Ao analisar o registro de candidatura do político, o ministro entendeu que perfis irregulares estariam divulgando conteúdos favoráveis ao candidato. A lei eleitoral obriga os candidatos a declarar todas as redes sociais logo no registro da campanha, para garantir que elas possam ser fiscalizadas. O TSE afirmou que 16 perfis foram informados fora do prazo e, portanto, não poderiam continuar com as postagens.
Toffoli liberou a campanha digital na manhã de terça-feira depois da regularização dos perfis. Até então, Renan dizia que vinha publicando reiteradamente conteúdos sobre o caso Master e disse não acreditar que a decisão contra sua campanha tenha ocorrido por “coincidência”. Quais crimes podem ser investigados e quem pode processar e julgar um ministro do STF?
Advogados consultados pelo blog da Julia Dualibi afirmam que a troca de mensagens pode indicar tráfico de influência e obstrução à Justiça. Apesar do teor das mensagens divulgadas, ainda é cedo para atribuir crimes ao ministro considerando que não há acesso ao conteúdo das respostas que ele teria enviado, apenas às mensagens escritas pelo banqueiro. Mesmo assim, o ministro André Mendonça quer encaminhar a questão para análise do Plenário.
Por isso, segundo especialistas ouvidos pela GloboNews, a discussão neste momento não é sobre um possível julgamento de Moraes, mas sobre se a investigação pode prosseguir e se os elementos produzidos pela PF são válidos. A Constituição estabelece regras diferentes conforme o tipo de responsabilização: Em caso de crime comum, como corrupção ou prevaricação, cabe ao próprio STF processar e julgar seus ministros. Já em caso de crime de responsabilidade, a competência é do Senado Federal.

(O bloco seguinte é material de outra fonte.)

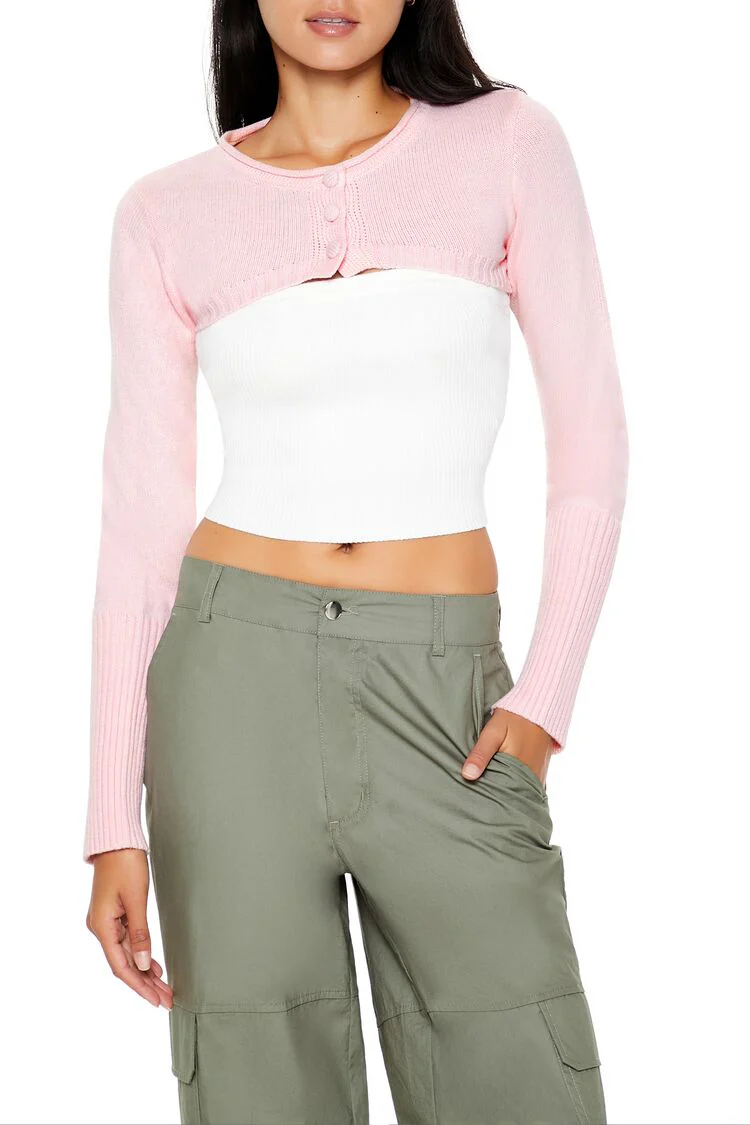 Cardigan Shrug Sweater - Image 6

Por isso, é preciso saber primeiro a natureza da conduta atribuída. A Lei Orgânica da Magistratura Nacional (Loman) também estabelece uma regra específica para investigações envolvendo magistrados.
Ela determina que, "quando surgirem indícios de crime atribuídos a um magistrado durante uma investigação, a autoridade policial deve encaminhar os autos ao tribunal ou órgão especial competente para que a apuração prossiga." A regra reforça que, identificados indícios de crime envolvendo um magistrado, a investigação passa a tramitar sob a competência do tribunal responsável pelo julgamento. Como funciona o impeachment de ministros do STF?
Em dezembro de 2025, o ministro Gilmar Mendes, do STF, alterou a chamada Lei do Impeachment. Até então, a legislação permitia que qualquer cidadão apresentasse uma denúncia contra ministros do STF ao Senado. A decisão do ministro suspendeu a parte da lei que permitia denúncias por qualquer pessoa.
Conforme a decisão, "somente o Procurador-Geral da República pode formular denúncia em face de membros do Poder Judiciário pela prática de crimes de responsabilidade". Segundo o ministro, isso se justifica porque, "os juízes, temendo represálias, podem se ver pressionados a adotar posturas mais alinhadas aos interesses políticos momentâneos, em vez de garantirem a interpretação imparcial da Constituição e a preservação dos direitos fundamentais".
Na prática, isso promove uma trava a pedidos de abertura de processos contra ministros do Supremo. A Constituição não traz um artigo específico só sobre impeachment de ministros do STF, mas determina que cabe ao Senado Federal processar e julgar esses integrantes por crimes de responsabilidade.
A estrutura é parecida com o impeachment de presidente da República: a denúncia é examinada pelo Senado; há possibilidade de afastamento temporário; e, ao final, o ministro pode perder o cargo e ficar até cinco anos impedido de exercer funções públicas. A Lei do Impeachment lista condutas consideradas graves o bastante para justificar um processo.
Entre elas: julgar um caso quando o ministro deveria ser considerado suspeito; exercer atividade político-partidária; agir com negligência grave no cumprimento das funções; agir de forma incompatível com honra, dignidade e decoro. Essas condutas precisam ser descritas e comprovadas na denúncia feita ao Senado.